When establishing a link with an access point, a band having best performance is generally selected for the wireless communication. However, since the station will move to another location due to the user, when the distance between the station and the access point changes, the station may suffer disconnection or re-association, or the station may suffer low throughput. In addition, if the station moves to a congestion environment that the other device occupies an airtime, the station will suffer throughput degradation.

SUMMARY

It is therefore an objective of the present invention to provide a wireless communication method, which can actively change the link mode of the station to have better performance without reconnecting the access point, to solve the above-mentioned problems.

According to one embodiment of the present invention, a wireless communication method of a multi-link device is disclosed.

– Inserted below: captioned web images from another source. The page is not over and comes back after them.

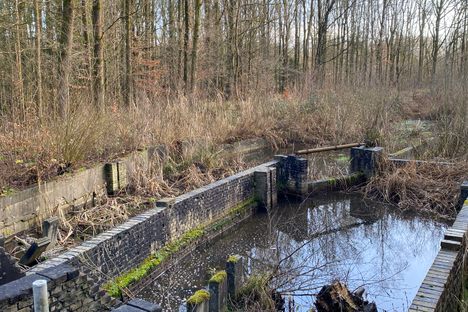 Waterloopbos 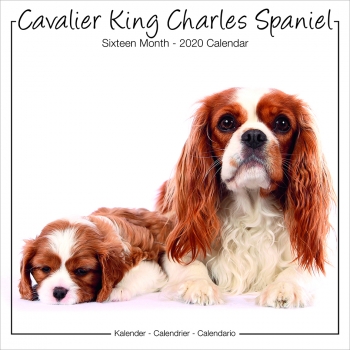 Studio Kalender 2023 Cavalier King Charles Spaniel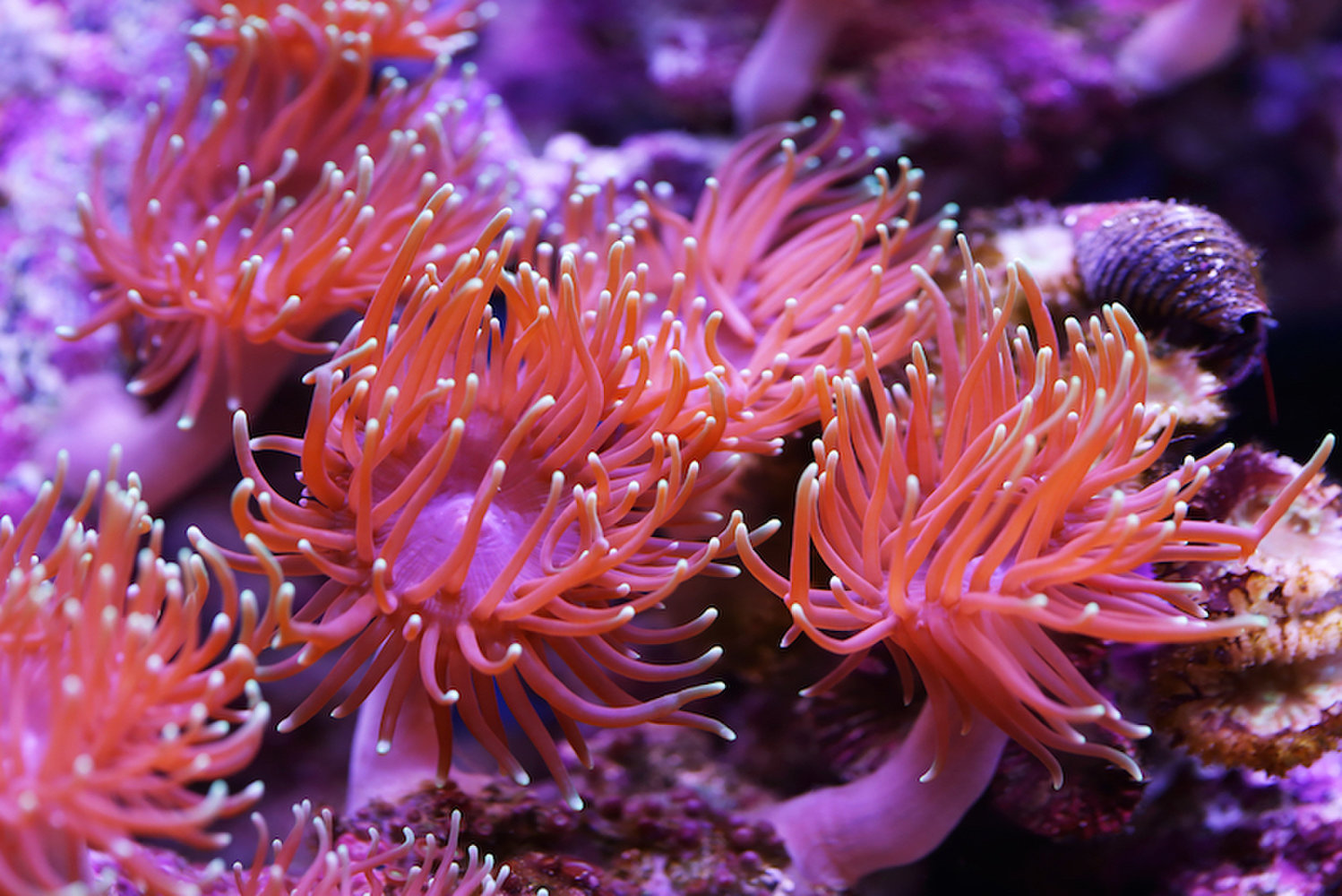 Những điều thú vị về san hô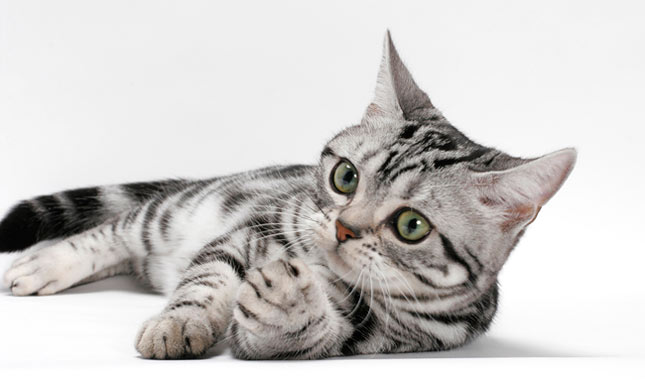 American Shorthair cat laying down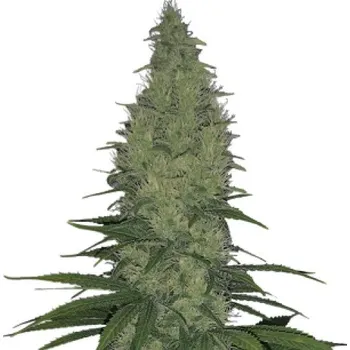 Semeno Serious Seeds - Serious Happiness 3 ks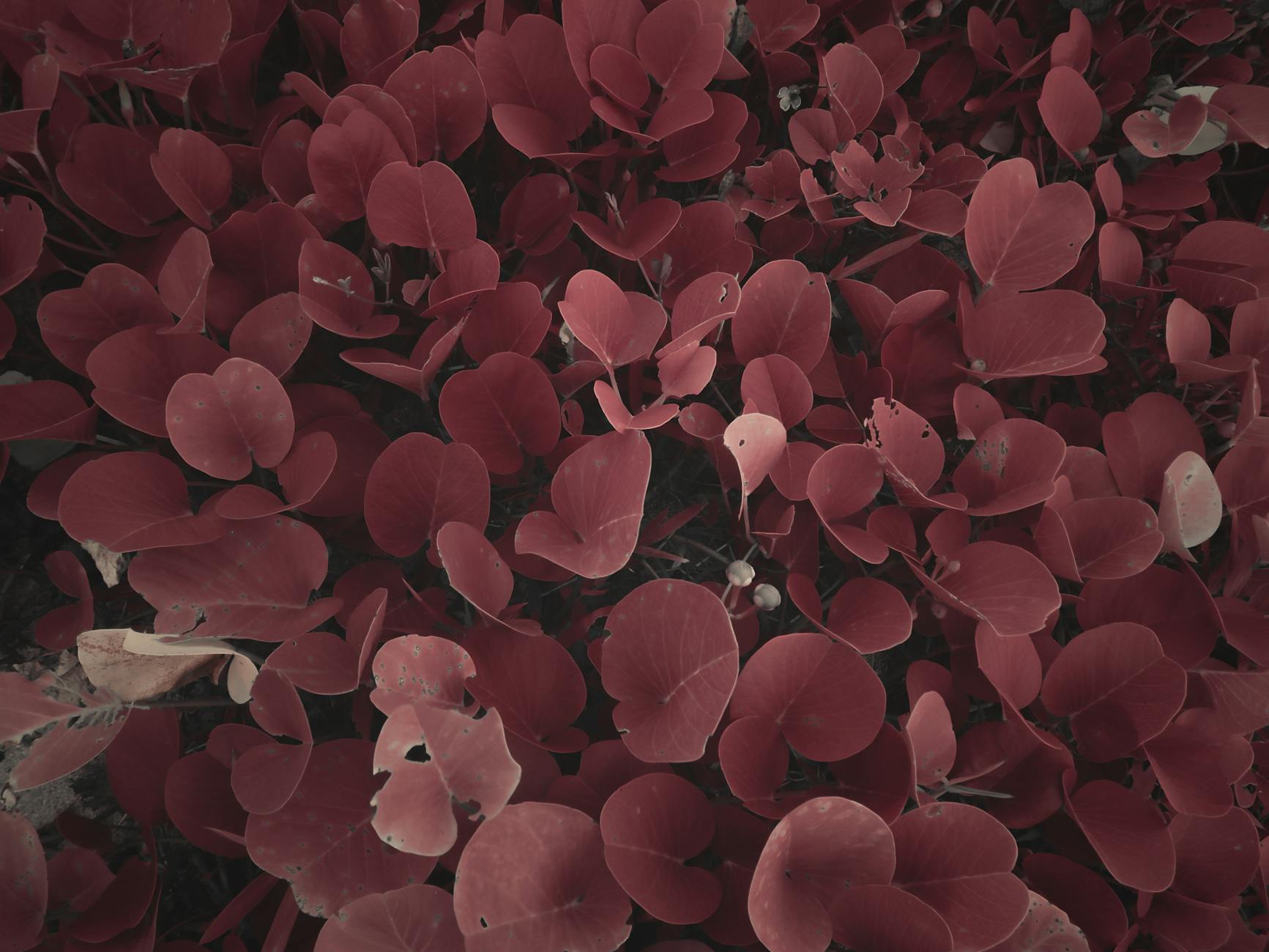 How to Create Organic Horticulture Industry Logo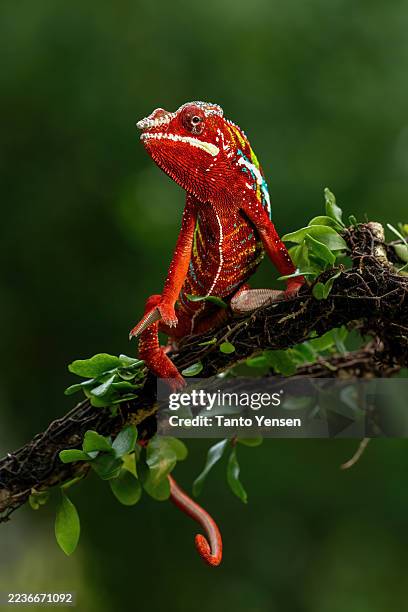panther chameleon - chameleon stock pictures, royalty-free photos & images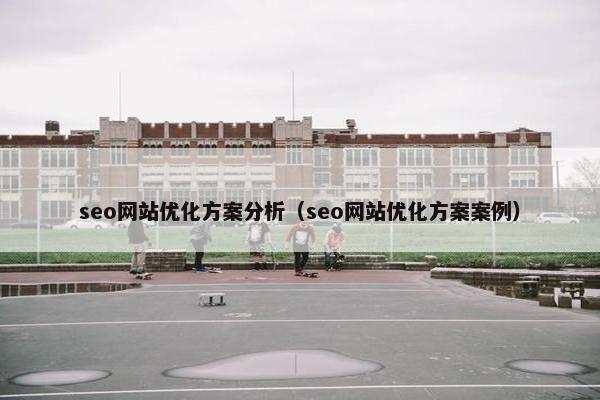 seo网站优化方案分析（seo网站优化方案案例）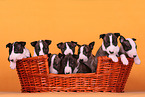 Miniature Bull Terrier Puppies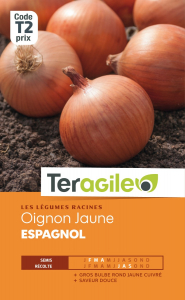 Oignon jaune espagnol - Graines - Teragile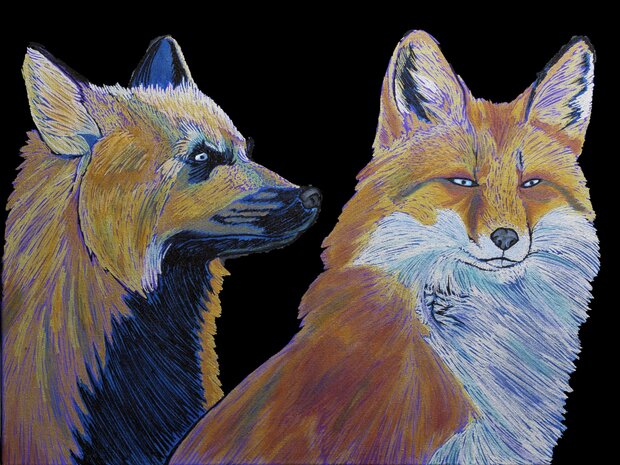 Night and Day by 
Sean Behnsen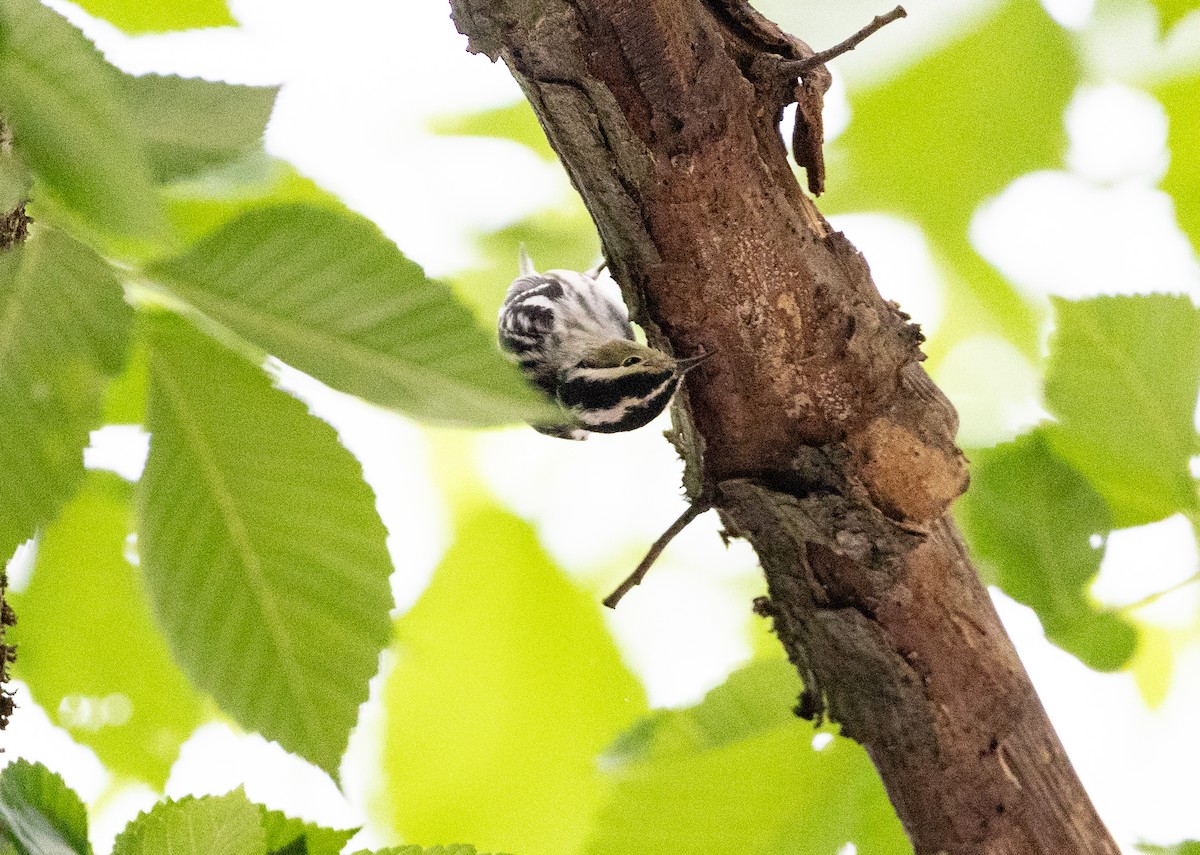 Black-and-white Warbler - ML618959207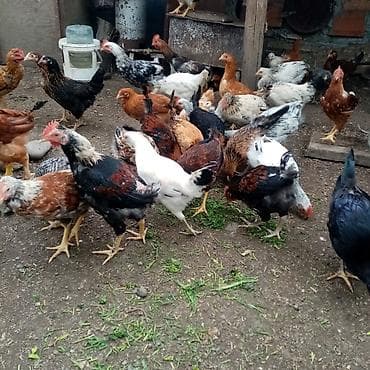 kürd toyuq: Toyuq, Damazlıq — 9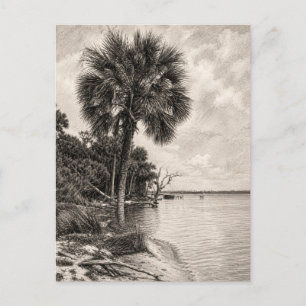 Old Florida Shoreline Graphite Sketch Rockledge Postcard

The wireless communication method comprises the steps of: establishing multiple links with an access point, wherein the multiple links have a current link mode; determining performance of a current link mode and at least one candidate link mode, wherein frequency band(s) corresponding to the current link mode and the at least one candidate link mode are not the same; and if the performance of one of the at least one candidate link mode is greater than the performance of the current link mode, switching the link mode of the multiple links, without reconnecting to the access point, so that the one of the at least one candidate link mode serves as the current link mode to communicate with the access point.

According to one embodiment of the present invention, a circuitry of a station is configured to perform the steps of: establishing multiple links with an access point, wherein the multiple links have a current link mode; determining performance of a current link mode and at least one candidate link mode, wherein frequency band(s) corresponding to the current link mode and the at least one candidate link mode are not the same; and if the performance of one of the at least one candidate link mode is greater than the performance of the current link mode, switching the link mode of the multiple links, without reconnecting to the access point, so that the one of the at least one candidate link mode serves as the current link mode to communicate with the access point.

These and other objectives of the present invention will no doubt become obvious to those of ordinary skill in the art after reading the following detailed description of the preferred embodiment that is illustrated in the various figures and drawings.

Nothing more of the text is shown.